Nos enterábamos hace pocas horas de que, alrededor de la una y media de la tarde, fallecía uno de los actores más importantes de la entera historia del cine español. Se despide así de nuestra cinematografía, dejándola un poco más huérfana, si cabe, después de la desaparición de Fernando Fernán Gómez, uno de los rostros con los que más hemos identificado una época y una manera de hacer películas en este país.
Tenía 87 años cuando fallecía, al parecer en su propia casa y rodeado de su familia y círculo más íntimo, dejando a sus espaldas un inmenso legado en teatro, cine y televisión, pues sus representaciones son incontables, sus películas son más de cien y sus apariciones televisivas numerosas y variadas. Un verdadero todoterreno, dueño de un talento inusitado para eso tan resbaladizo e incomprendido conocido como tragicomedia, que vendría a ser, quizás, aquello para lo que nació este madrileño de fisonomía tan castiza, el vecino de enfrente español.

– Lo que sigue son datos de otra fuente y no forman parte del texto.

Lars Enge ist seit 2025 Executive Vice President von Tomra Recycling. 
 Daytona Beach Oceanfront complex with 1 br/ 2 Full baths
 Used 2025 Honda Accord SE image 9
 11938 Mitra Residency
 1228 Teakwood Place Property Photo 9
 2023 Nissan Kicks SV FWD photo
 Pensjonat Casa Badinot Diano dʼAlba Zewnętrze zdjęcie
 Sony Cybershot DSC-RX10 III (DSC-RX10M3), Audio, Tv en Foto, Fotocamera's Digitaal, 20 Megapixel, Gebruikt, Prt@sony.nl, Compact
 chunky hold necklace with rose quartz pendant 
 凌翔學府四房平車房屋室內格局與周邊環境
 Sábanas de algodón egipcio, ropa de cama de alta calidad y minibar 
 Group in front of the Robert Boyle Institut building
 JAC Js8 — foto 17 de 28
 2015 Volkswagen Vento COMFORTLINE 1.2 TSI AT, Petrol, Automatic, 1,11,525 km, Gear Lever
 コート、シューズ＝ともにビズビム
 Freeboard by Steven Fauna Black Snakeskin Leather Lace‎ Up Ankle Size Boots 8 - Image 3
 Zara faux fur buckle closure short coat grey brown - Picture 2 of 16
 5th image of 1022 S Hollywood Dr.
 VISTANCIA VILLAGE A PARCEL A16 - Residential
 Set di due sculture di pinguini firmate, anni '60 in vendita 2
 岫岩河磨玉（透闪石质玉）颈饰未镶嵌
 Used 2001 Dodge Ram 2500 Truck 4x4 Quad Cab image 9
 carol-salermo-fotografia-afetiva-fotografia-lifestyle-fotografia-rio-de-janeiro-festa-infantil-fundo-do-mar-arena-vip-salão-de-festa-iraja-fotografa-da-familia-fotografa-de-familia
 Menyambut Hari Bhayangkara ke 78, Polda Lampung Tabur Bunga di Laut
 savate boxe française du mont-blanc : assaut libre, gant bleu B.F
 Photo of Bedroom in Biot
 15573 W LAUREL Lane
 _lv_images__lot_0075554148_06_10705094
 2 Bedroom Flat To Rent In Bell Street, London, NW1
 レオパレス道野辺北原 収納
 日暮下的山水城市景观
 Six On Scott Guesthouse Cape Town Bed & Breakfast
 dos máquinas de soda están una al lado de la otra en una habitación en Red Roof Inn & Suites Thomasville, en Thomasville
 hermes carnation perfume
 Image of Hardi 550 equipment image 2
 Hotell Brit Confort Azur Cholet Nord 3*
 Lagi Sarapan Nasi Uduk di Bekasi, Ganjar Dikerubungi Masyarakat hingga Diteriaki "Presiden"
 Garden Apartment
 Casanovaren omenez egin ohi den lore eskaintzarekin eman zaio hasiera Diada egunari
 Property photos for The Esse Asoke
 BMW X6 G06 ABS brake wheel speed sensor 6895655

Nacía López Vázquez en 1922, muy cerca de los legendarios cines Doré, en el seno de una familia humilde y con problemas de comunicación, según él mismo ha afirmado muchas veces. Debido a una vida gris y monótona, se aficionó muy pronto al cine, y se volvió un fan irredento de Buster Keaton y, más tarde, de las Screwball Comedies. Pero lo que primero quiso ser el joven López Vázquez fue pintor, y aunque su humilde condición le arrinconaba en trabajos de segunda categoría, logró ganarse la vida como creador de carteles de películas.
Todo cambió, por supuesto, cuando conoció a un director esencial del cine español, Luis García Berlanga, que con gran criterio se fijó en la enorme capacidad de este hombre para hacer lo máximo con lo mínimo, y para captar toda la atención de la cámara a pesar de que, muchas veces, sus papeles más importantes eran de esos llamados secundarios (patraña heredada del teatro, que tanta confusión crea respecto al trabajo de un actor). La admiración fue mutua, hasta tal punto que terminó participando en un gran porcentaje de las películas del gran director valenciano.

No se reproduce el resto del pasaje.